===== MATERIAL PROVIDED

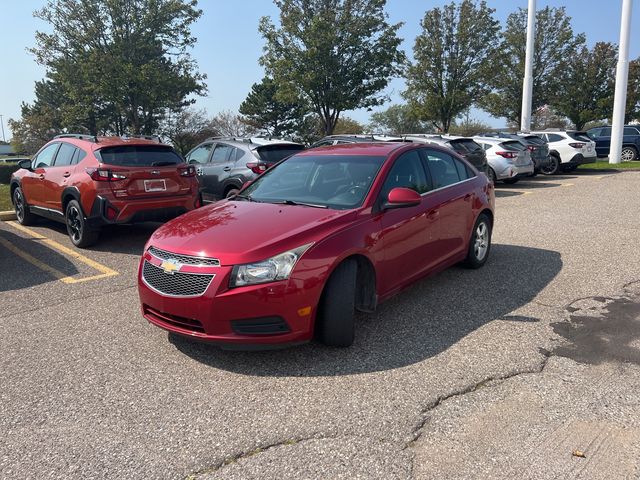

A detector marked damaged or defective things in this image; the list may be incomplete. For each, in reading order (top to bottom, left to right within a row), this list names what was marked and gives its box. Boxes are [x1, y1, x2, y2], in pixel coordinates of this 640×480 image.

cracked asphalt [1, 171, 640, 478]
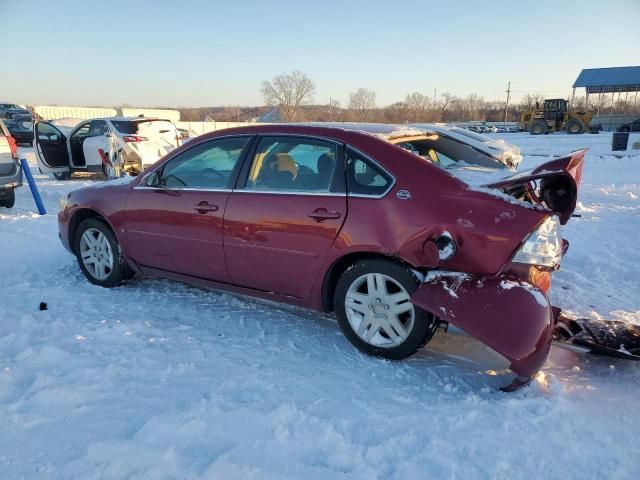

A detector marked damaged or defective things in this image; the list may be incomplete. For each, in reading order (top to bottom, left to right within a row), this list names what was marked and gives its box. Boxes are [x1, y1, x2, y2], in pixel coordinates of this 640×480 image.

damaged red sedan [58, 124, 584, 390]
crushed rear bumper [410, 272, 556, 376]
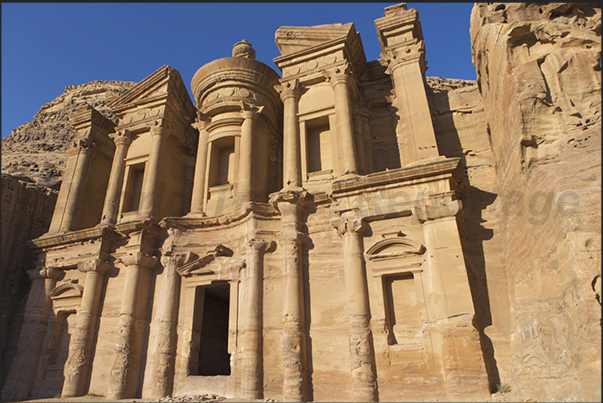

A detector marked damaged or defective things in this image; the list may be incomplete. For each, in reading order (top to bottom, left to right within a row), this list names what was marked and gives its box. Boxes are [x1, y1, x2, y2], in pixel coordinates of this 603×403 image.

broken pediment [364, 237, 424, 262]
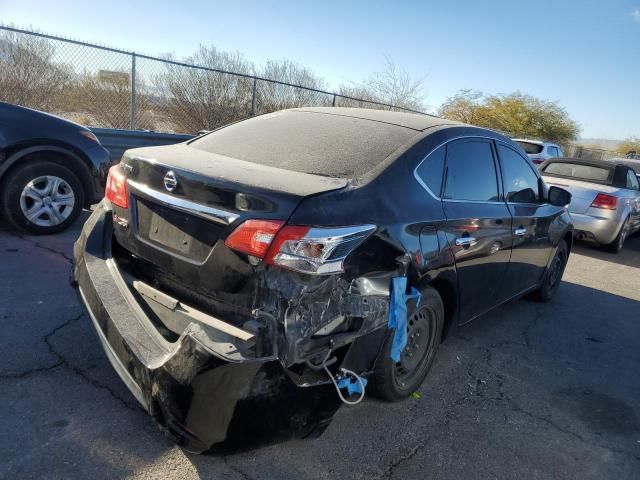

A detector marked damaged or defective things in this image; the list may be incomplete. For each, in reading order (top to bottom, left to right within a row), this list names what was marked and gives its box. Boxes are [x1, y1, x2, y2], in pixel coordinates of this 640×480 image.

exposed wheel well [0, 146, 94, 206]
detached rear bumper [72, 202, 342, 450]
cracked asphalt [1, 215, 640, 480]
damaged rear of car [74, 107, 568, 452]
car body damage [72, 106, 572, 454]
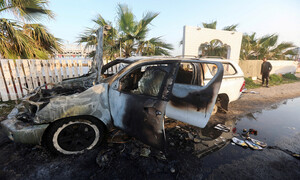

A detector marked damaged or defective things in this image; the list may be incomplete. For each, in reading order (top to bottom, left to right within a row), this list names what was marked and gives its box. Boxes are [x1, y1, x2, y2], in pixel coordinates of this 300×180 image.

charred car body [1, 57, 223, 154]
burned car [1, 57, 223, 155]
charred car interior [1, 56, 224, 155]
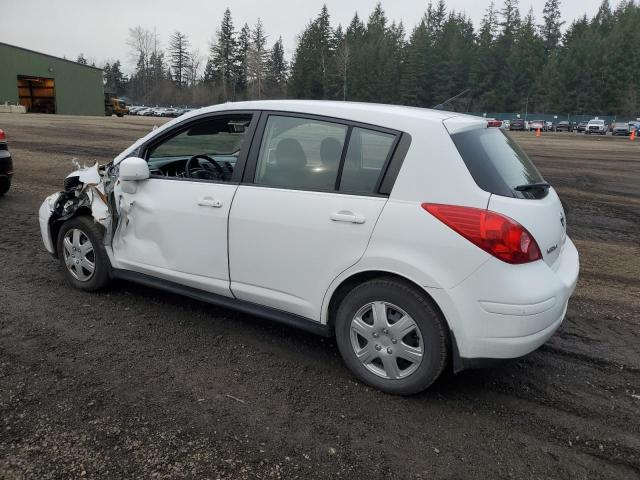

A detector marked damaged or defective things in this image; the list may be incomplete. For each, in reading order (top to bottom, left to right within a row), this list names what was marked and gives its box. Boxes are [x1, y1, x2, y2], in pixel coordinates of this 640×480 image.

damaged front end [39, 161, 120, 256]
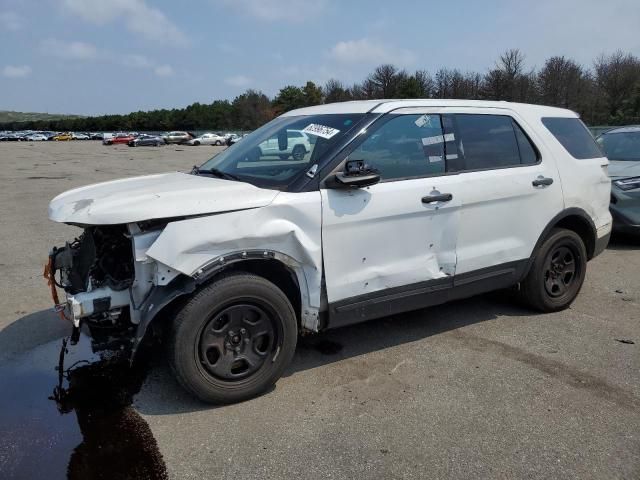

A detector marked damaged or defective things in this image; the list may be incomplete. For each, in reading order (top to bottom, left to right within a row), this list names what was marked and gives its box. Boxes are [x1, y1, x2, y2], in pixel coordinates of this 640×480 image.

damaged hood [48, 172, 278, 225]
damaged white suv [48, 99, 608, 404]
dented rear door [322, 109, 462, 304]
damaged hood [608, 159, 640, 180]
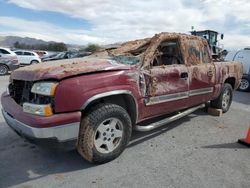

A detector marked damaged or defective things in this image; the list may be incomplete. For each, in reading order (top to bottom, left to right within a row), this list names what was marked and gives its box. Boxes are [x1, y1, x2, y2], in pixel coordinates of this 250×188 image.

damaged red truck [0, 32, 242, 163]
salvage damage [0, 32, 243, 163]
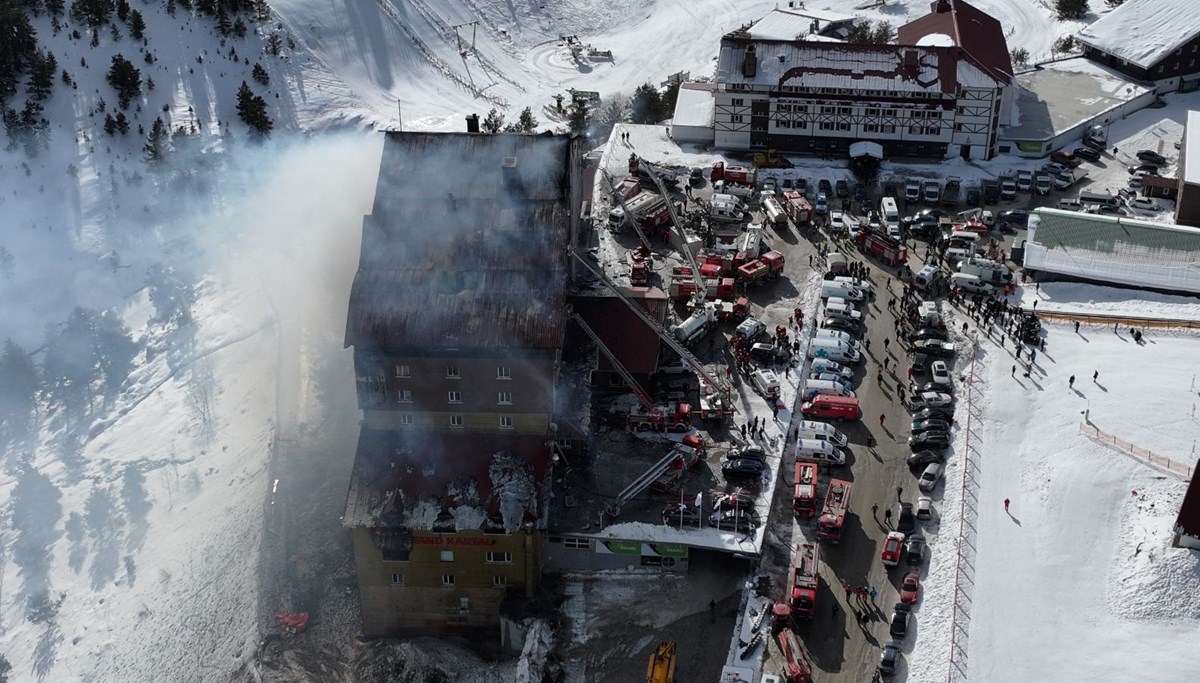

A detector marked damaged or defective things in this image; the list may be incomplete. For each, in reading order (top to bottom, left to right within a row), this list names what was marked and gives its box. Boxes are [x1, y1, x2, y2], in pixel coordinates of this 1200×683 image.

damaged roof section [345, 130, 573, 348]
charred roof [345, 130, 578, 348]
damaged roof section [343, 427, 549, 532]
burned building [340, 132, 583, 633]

==========

(WORK INSTRUCTIONS)
Quote the listing above in full, except for the pictures.

(RESULT)
A detector marked damaged or defective things in this image; the list may be incomplete. For each, in reading order (top to bottom, left to right within a row), this list names what was marked and gives its box. Boxes are [x1, y1, x2, y2], in pixel coordinates of this 640×480 image.

cracked asphalt [1, 171, 640, 478]

A detector marked damaged or defective things in this image; the list may be incomplete. For each, in reading order (top to bottom, left to right within a row), this list names what was marked and gives its box. Boxes are [x1, y1, x2, y2], in pixel coordinates of this 640×480 image.

damaged red sedan [58, 124, 584, 390]
crushed rear bumper [410, 272, 556, 376]

A detector marked damaged or defective things in this image; the list may be incomplete. For each, in reading order (top to bottom, left to right within a row), this list names what was marked and gives its box. Boxes are [x1, y1, x2, y2], in pixel coordinates of this 603×403 image.

broken pediment [364, 237, 424, 262]

A detector marked damaged or defective things in this image; the list may be incomplete. For each, in reading order (top to bottom, left to right within a row), this list names what was marked and gives its box. Boxes are [x1, y1, x2, y2], in pixel coordinates of this 640×480 image.

exposed wheel well [0, 146, 94, 206]
detached rear bumper [72, 202, 342, 450]
cracked asphalt [1, 215, 640, 480]
damaged rear of car [74, 107, 568, 452]
car body damage [72, 106, 572, 454]

A detector marked damaged or defective things in this image; the list may be incomplete. For each, in reading order (top to bottom, left to right within a row), this list names what was marked and gives its box. Boxes are [x1, y1, x2, y2], in pixel coordinates of this 300×180 image.

charred car body [1, 57, 223, 154]
burned car [1, 57, 223, 155]
charred car interior [1, 56, 224, 155]

A detector marked damaged or defective things in this image; the list may be incomplete. For each, in reading order (top to bottom, left to right within a row), this list names what was marked and gives its box. Boxes are [x1, y1, x2, y2], in pixel coordinates of this 640×480 image.

damaged front end [39, 161, 120, 256]

A detector marked damaged or defective things in this image; the list may be incomplete. For each, in reading order (top to bottom, left to right within a row), this list names what was marked and gives its box. Boxes are [x1, y1, x2, y2], in pixel coordinates of this 640×480 image.

damaged hood [48, 172, 278, 225]
damaged white suv [48, 99, 608, 404]
dented rear door [322, 109, 462, 304]
damaged hood [608, 159, 640, 180]

A detector marked damaged or defective things in this image; the list may be incomplete. For each, in reading order (top to bottom, left to right within a row), this list names what was marked and gives its box. Boxes are [x1, y1, x2, y2], in pixel coordinates of this 250×188 image.

damaged red truck [0, 32, 242, 163]
salvage damage [0, 32, 243, 163]

A detector marked damaged or defective things in this image; the list may be incomplete. For each, in reading order (top to bottom, left to right within a row), this list names what was marked and gives its box. Boxes are [x1, y1, x2, y2], in pixel coordinates of this 1200×683 image.

damaged roof section [345, 130, 573, 348]
charred roof [345, 130, 578, 348]
damaged roof section [343, 427, 549, 532]
burned building [340, 132, 583, 633]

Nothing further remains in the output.